Task details: Find the line that contains "Stag - Tattoo Theme Wedding Pin Button Badge" in the entries below. Restate it and every line after it, word for word, with no pictures.

Material for the task:

━━━━━━━━━━━━━━━━

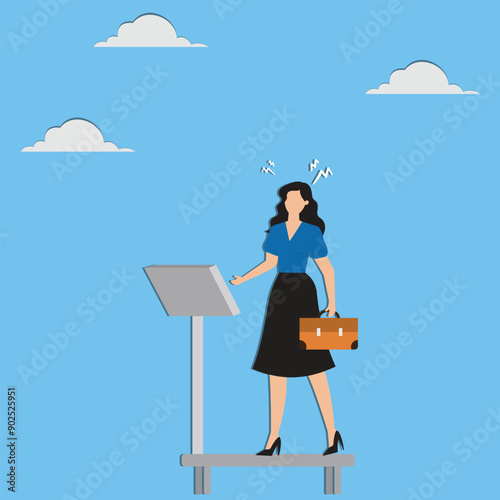 Obesity, overweight or unhealthy lifestyle cause gaining weight, belly disease, diabetes or nutrition problem concept, fatty man weighing on weight scale
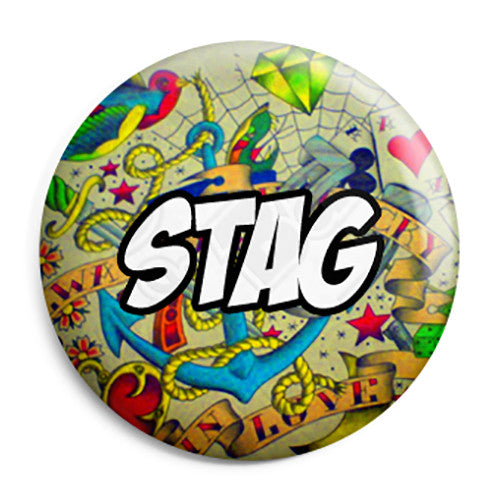 Stag - Tattoo Theme Wedding Pin Button Badge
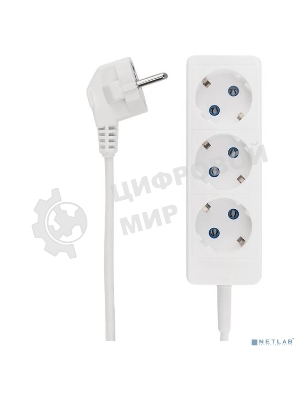 Удлинитель STANDARD 3 гнезда, 3м, 3х1,0мм², с/з, белый Rexant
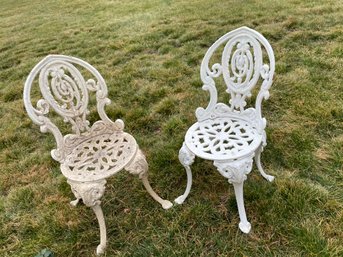 Pair Of Antique Victorian Cast Iron Child's Garden  Patio Chairs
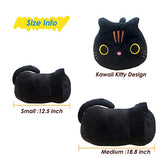 Whlo4U 18.8" Black Cat Plush Pillow, Kawaii Cat Stuffed Animal,Kitty Plush Doll Anime Plush Throw Pillow Home Decor Birthday Xmas Valentine's Gift for Girls Boys Adults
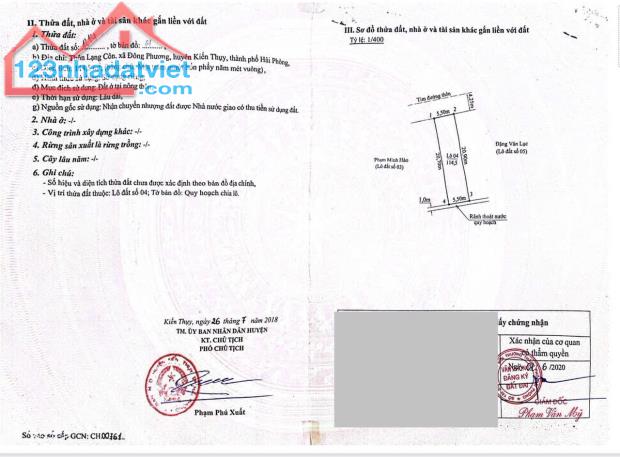 Bán đất mặt đường Đông Phương, Kiến Thụy, Hải Phòng  - Diện tích : 114,5m2 - Ngang 5,5m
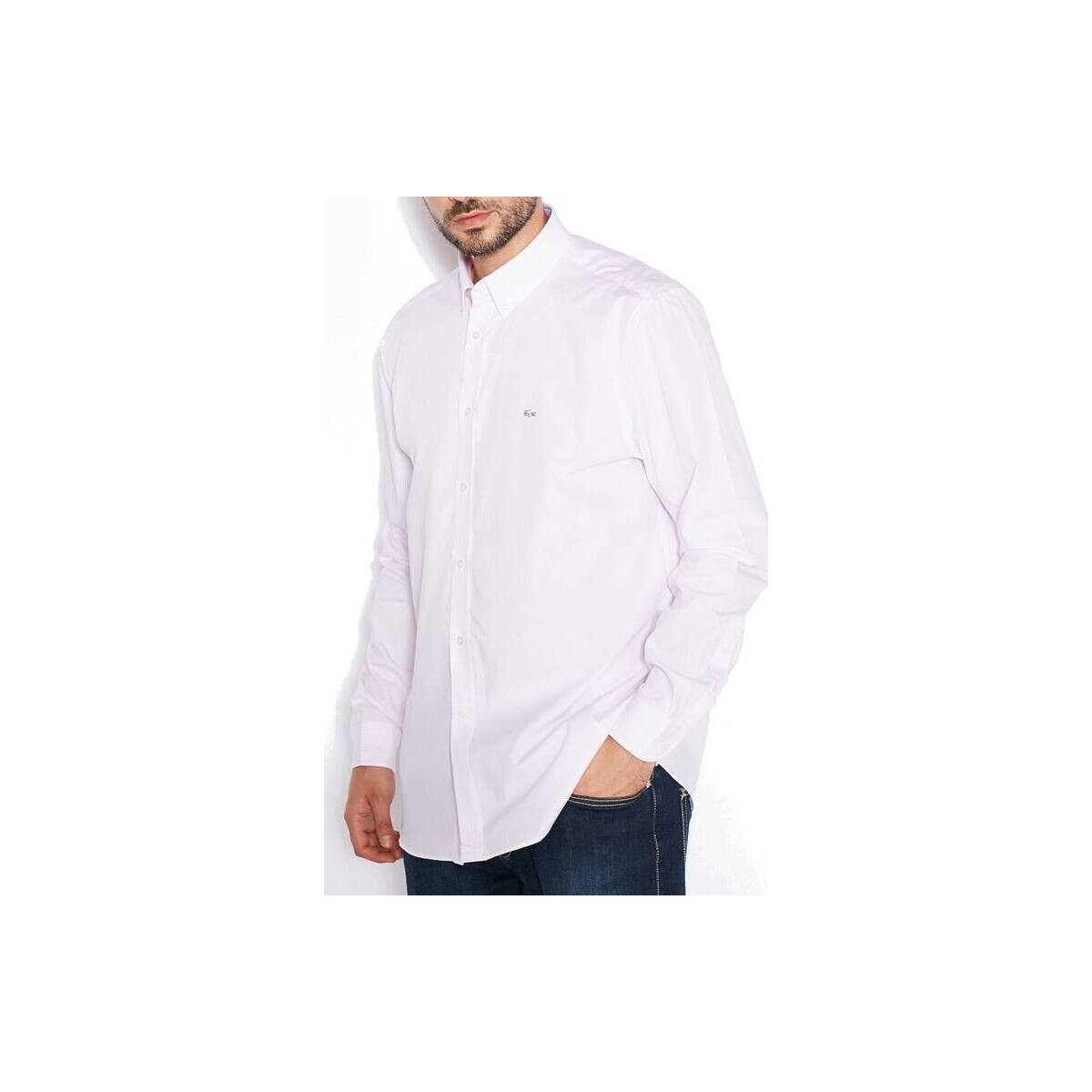Abbigliamento Uomo Camicie maniche lunghe Lacoste CH8737 Bianco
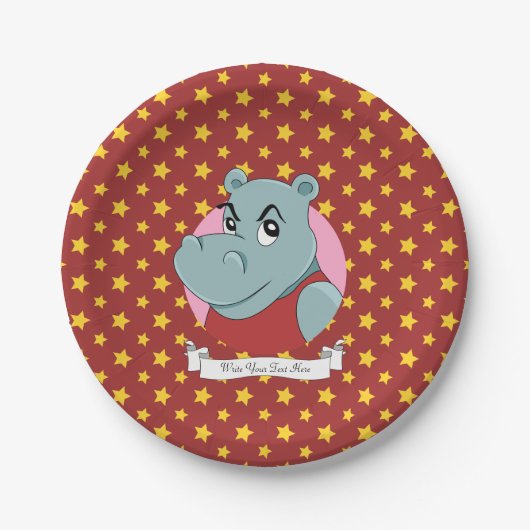 Cute hippopotamus cartoon papieren bordje (Voorkant)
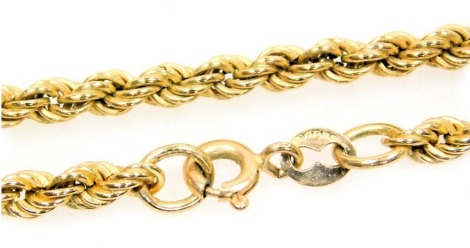 A 9ct gold rope twist design necklace, 4.23g.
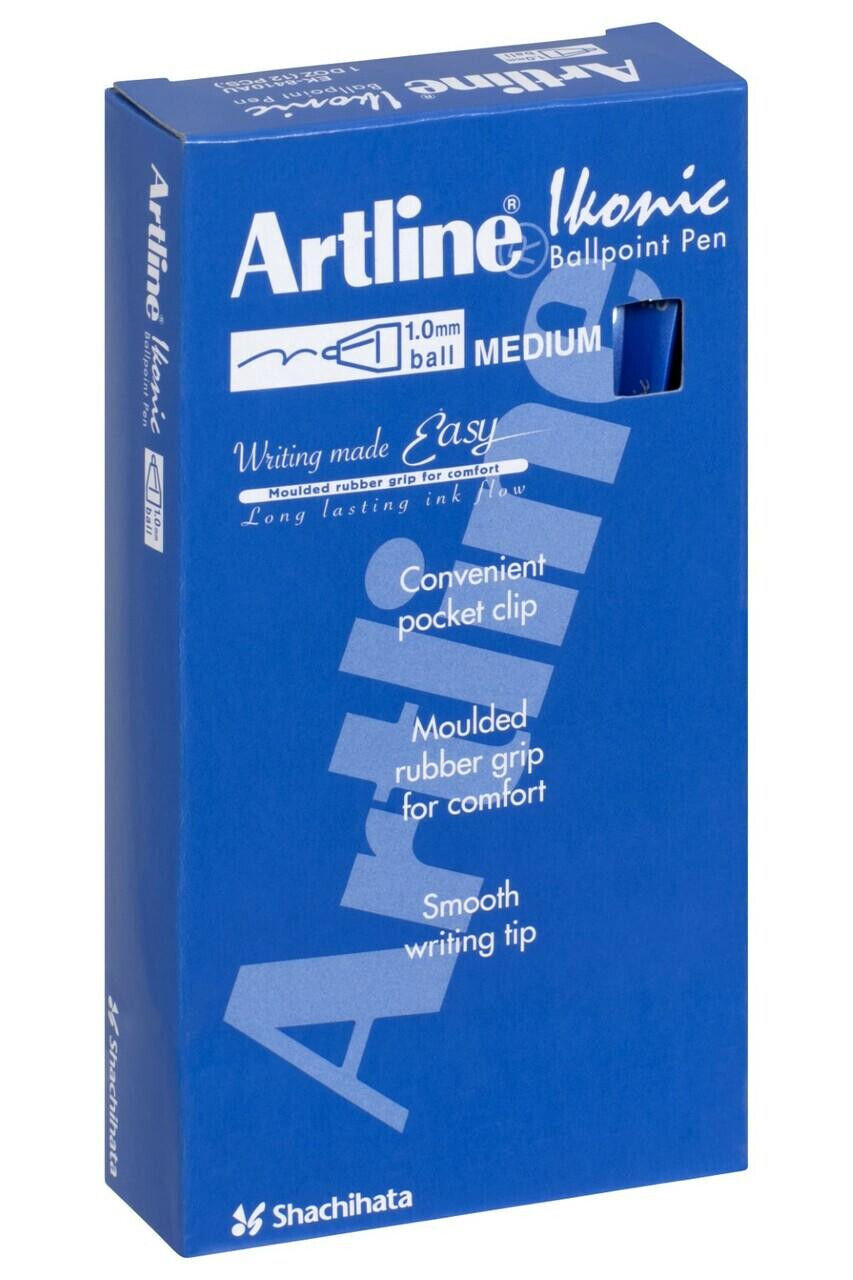 12 x Artline Ikonic 8410 Retractable Ballpoint Pen 1.0mm Black/Blue/Red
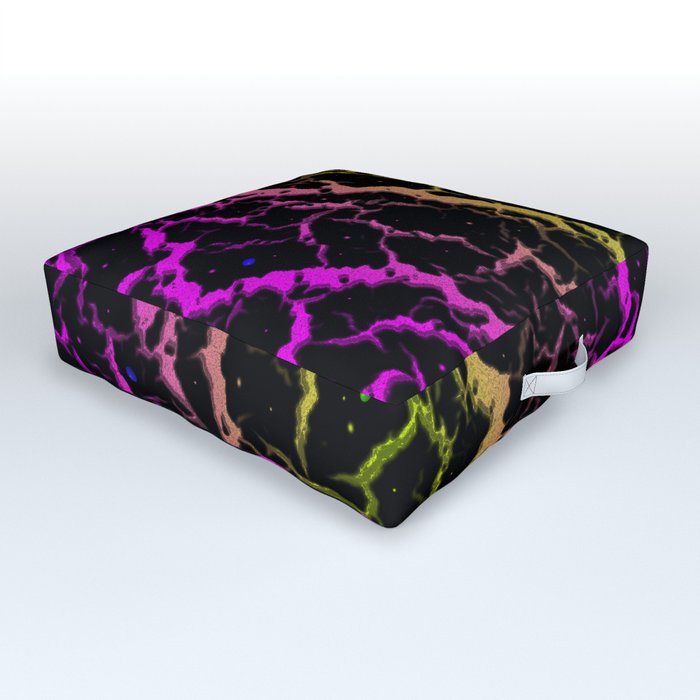 Cracked Space Lava - Pink/Lime Outdoor Floor Cushion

━━━━━━━━━━━━━━━━

Output of the exercise:
 Stag - Tattoo Theme Wedding Pin Button Badge
 Удлинитель STANDARD 3 гнезда, 3м, 3х1,0мм², с/з, белый Rexant
 Pair Of Antique Victorian Cast Iron Child's Garden  Patio Chairs
 Whlo4U 18.8" Black Cat Plush Pillow, Kawaii Cat Stuffed Animal,Kitty Plush Doll Anime Plush Throw Pillow Home Decor Birthday Xmas Valentine's Gift for Girls Boys Adults
 Bán đất mặt đường Đông Phương, Kiến Thụy, Hải Phòng  - Diện tích : 114,5m2 - Ngang 5,5m
Abbigliamento Uomo Camicie maniche lunghe Lacoste CH8737 Bianco
 Cute hippopotamus cartoon papieren bordje (Voorkant)
 A 9ct gold rope twist design necklace, 4.23g.
 12 x Artline Ikonic 8410 Retractable Ballpoint Pen 1.0mm Black/Blue/Red
 Cracked Space Lava - Pink/Lime Outdoor Floor Cushion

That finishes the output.